Last week was a watershed for the greater European Union, as well as the common currency, as Britain resoundingly voted to leave the single market. It was always forecast to be a strongly volatile week for the pair but the risk of an actual exit had largely been underestimated and not priced in by the market. Subsequently, the Eurodollar fell sharply throughout Friday’s session to close around 1.1082, as the count progressed and it became patently clear that the leave campaign was to be successful.

Moving forward, the week is likely to be highly volatile as the next steps towards activating an Article 50 exit for the UK appear relatively unclear. However, the European Union is pushing the UK to start the exit proceedings in an attempt to regain some certainty for the near term. Currently, the UK Prime Minister is relatively resistant to that direction and has suggested that he is unwilling to invoke the procedures and will subsequently leave that to Britain’s next leader, due in October. It is therefore expected that we will see plenty of volatility in the week ahead given the relative uncertainty around the UK government’s direction.

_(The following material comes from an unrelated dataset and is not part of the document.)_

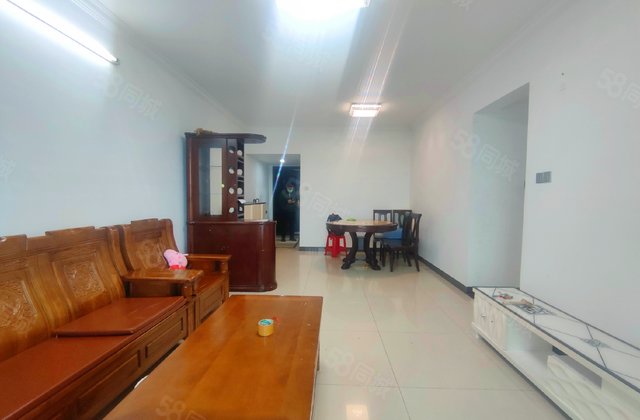 第三金碧花园4室2厅136.61㎡450万二手房图片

However, muddying the waters is the latest rating debacle for the UK with all of the major agencies downgrading the United Kingdom’s rating from AAA to AA whilst warning that further cuts could occur in the near future. This could cause some difficulty for the UK given that the impact upon the cost of their access to debt markets is likely to increase in-line with the lower rating. This also coincides with a sharp downgrade to the UK’s GDP forecast which is likely to be impacted by a concerted drop in foreign direct investment. Subsequently, the full extent of various downgrades is yet to be seen but it is unlikely to be positive for the Cable in the medium term.

From a technical perspective, the pair remains relatively bearish, with price action having declined sharply below the 100-day moving average and with the 12 and 30 period EMA’s trending lower. Although the pair managed to break through the key resistance around the 1.10 handle, the downside was relatively limited. Subsequently, our bias remains neutral for the week ahead, especially given the ongoing BREXIT turmoil. Support is currently in place for the pair at 1.0950, 1.0823, and 1.0807. Resistance exists on the upside at 1.1217, 1.1375, and 1.1463.

Ultimately, the Cable is likely to remain under the grips of volatility until the path forward for the UK has been settled. However, given that both Boris Johnson and David Cameron appear to be in no rush to push the Article 50 button, we could see some sharp moves for some time yet unless a third party steps in to fill the current leadership vacuum.